> **Given data**:
══════

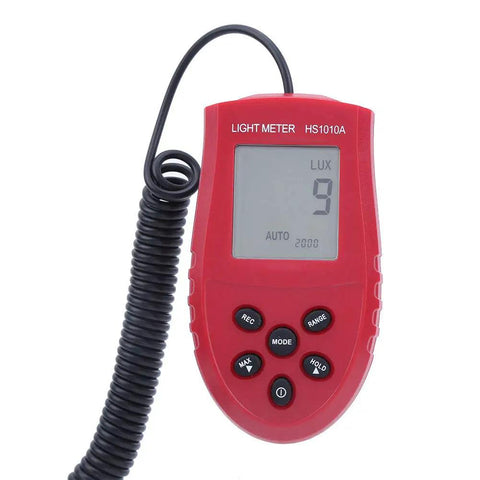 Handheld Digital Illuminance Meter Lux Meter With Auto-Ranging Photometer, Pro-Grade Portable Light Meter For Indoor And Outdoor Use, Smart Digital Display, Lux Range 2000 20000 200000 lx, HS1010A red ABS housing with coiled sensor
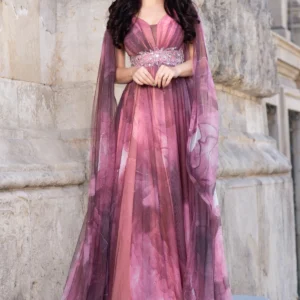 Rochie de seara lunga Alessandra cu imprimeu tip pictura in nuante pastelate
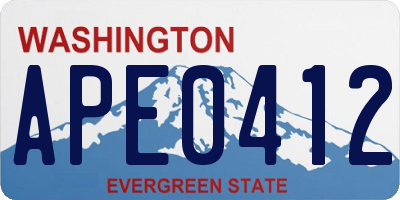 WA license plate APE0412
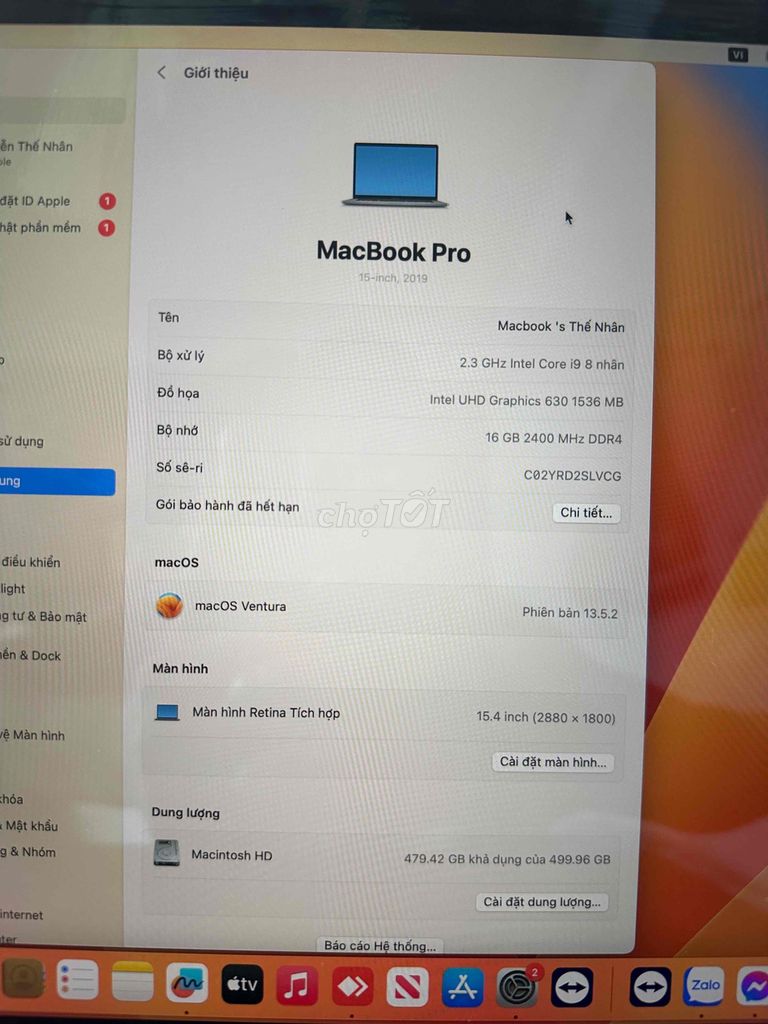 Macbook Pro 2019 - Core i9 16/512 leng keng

══════

> **Work task**:
All that is needed here is the run of lines from the one containing "Rochie de seara" through the end of the material above, reproduced exactly and without pictures.

> **Solution for this exercise**:
 Rochie de seara lunga Alessandra cu imprimeu tip pictura in nuante pastelate
 WA license plate APE0412
 Macbook Pro 2019 - Core i9 16/512 leng keng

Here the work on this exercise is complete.